De Amerikaanse kakkerlak (soort Periplaneta americana), afkomstig uit Afrika en het Midden-Oosten, is 30 tot 50 mm lang, is roodbruin van kleur en leeft buiten of in donkere verwarmde binnenruimten (bijv, kelders en stookplaatsen). Tijdens het volwassen leven, een periode van ongeveer 1,5 jaar, legt het vrouwtje 50 of meer oöcycae, die elk ongeveer 16 eieren bevatten die na 45 dagen uitkomen. Het nimfenleven duurt 11 tot 14 maanden. De Amerikaanse kakkerlak heeft goed ontwikkelde vleugels. De meeste soorten zijn echter geen goede vliegers.
De Duitse kakkerlak (Blattella germanica), een veelvoorkomend huishoudelijk ongedierte, is lichtbruin met twee donkere strepen op de prothoracale regio. Het vrouwtje produceert de ootheca 3 dagen na de paring en draagt deze gedurende ongeveer 20 dagen. Er kunnen drie of meer generaties per jaar voorkomen. Omdat hij klein is (ongeveer 12 mm lang), wordt deze kakkerlak vaak in boodschappentassen en dozen mee naar binnen genomen. Hij heeft zich over de hele wereld verspreid dankzij menselijk vervoer, waaronder lange-afstandstransport per schip.
De bruinbandkakkerlak (Supella longipalpa) lijkt op de Duitse kakkerlak maar is iets kleiner. Het mannetje heeft volledig ontwikkelde vleugels en is lichter van kleur dan het vrouwtje, waarvan de vleugels kort en niet functioneel zijn. Beide geslachten hebben twee lichtgekleurde banden over de rug.
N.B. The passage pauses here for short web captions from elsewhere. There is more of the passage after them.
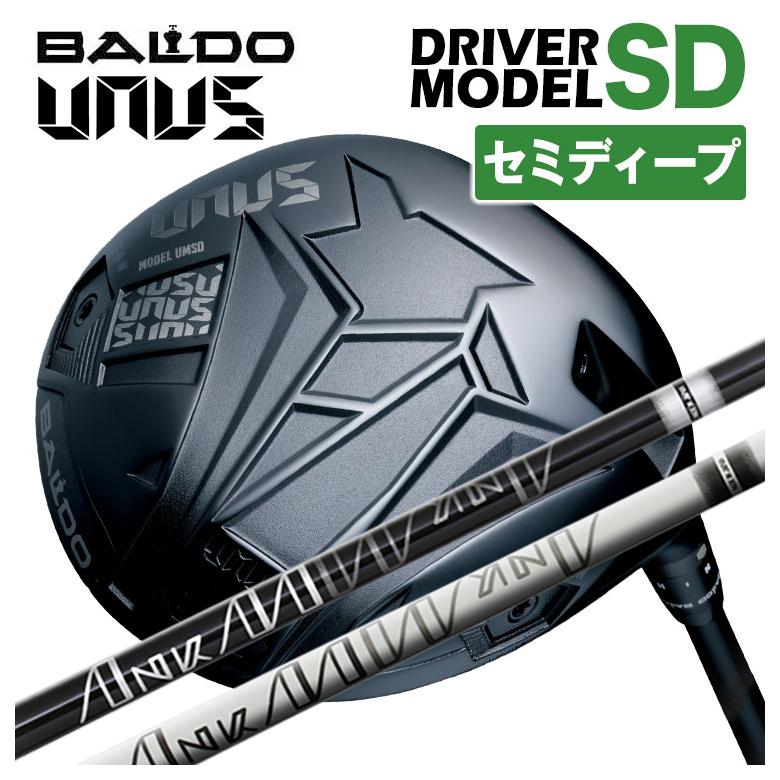 【特注カスタムクラブ】【セミディープフェース】バルド BALDO UNUS (ウヌス) MODEL SD ドライバー 2026 Roir Japan　ロア・ジャパン(ロマロ) ANKAA アンカー シャフト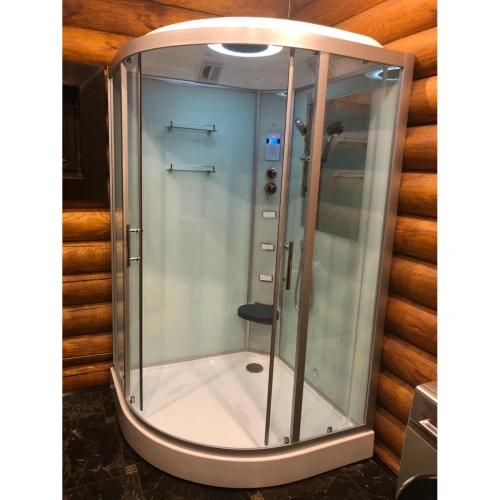 Душевая кабина Frank F602-1 118х118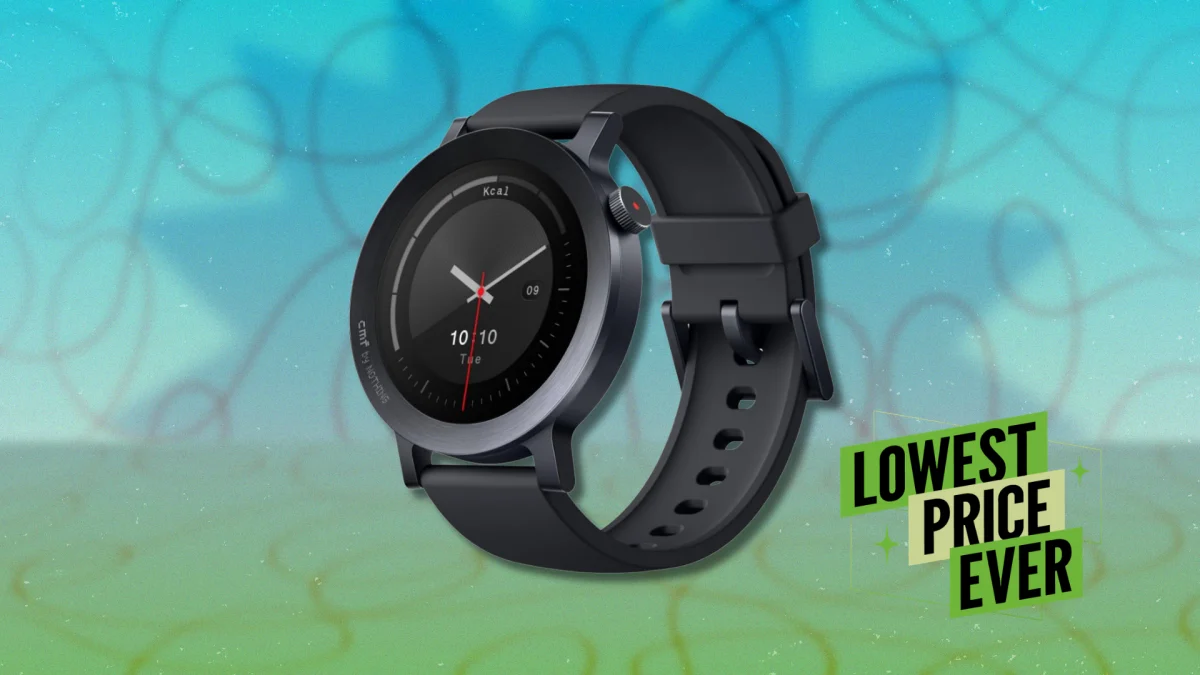 Cette montre intelligente de fitness « Rien » coûte 62 $ avant le Prime Day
De volwassen dieren leven ongeveer 200 dagen, en er kunnen twee generaties per jaar zijn. De eitjes kunnen worden afgezet in kleren, houtlijsten, of spleten in de vloer. Met de komst van verwarmde gebouwen is deze kakkerlak ingeburgerd geraakt in koelere klimaten.
De oosterse kakkerlak (Blatta orientalis) wordt beschouwd als een van de smerigste plaaginsecten in huis. Hij is ovaal, glanzend zwart of donkerbruin, en 25 tot 30 mm lang, met een levenscyclus die lijkt op die van de Amerikaanse kakkerlak. Het mannetje heeft korte, volledig ontwikkelde vleugels, en het vrouwtje heeft rudimentaire vleugels. Deze kakkerlak is vanuit Azië over alle gematigde streken verspreid.
Houten kakkerlakken zijn, ondanks hun naam, geen plaagdieren in het oosten en midden van Noord-Amerika. De Pennsylvania-houtkakkerlak (Parcoblatta pennsylvanica) wordt gevonden onder boomstammen en stenen in noordelijke breedtegraden. Het mannetje en het vrouwtje zien er zo verschillend uit dat ze ooit als aparte soorten werden beschouwd. Het mannetje, 15 tot 25 mm lang, heeft vleugels die tot voorbij het achterlijf reiken. Het vrouwtje is kleiner en heeft veel kortere vleugels. De bruinharige kakkerlak (Cryptocercus punctulatus) verteert hout met behulp van bepaalde protozoën in zijn spijsverteringskanaal.
Sommige autoriteiten beschouwen kakkerlakken als een suborde van ofwel de orde Orthoptera (sprinkhanen, krekels en katydiden) ofwel de orde Dictyoptera (bidsprinkhanen en kakkerlakken).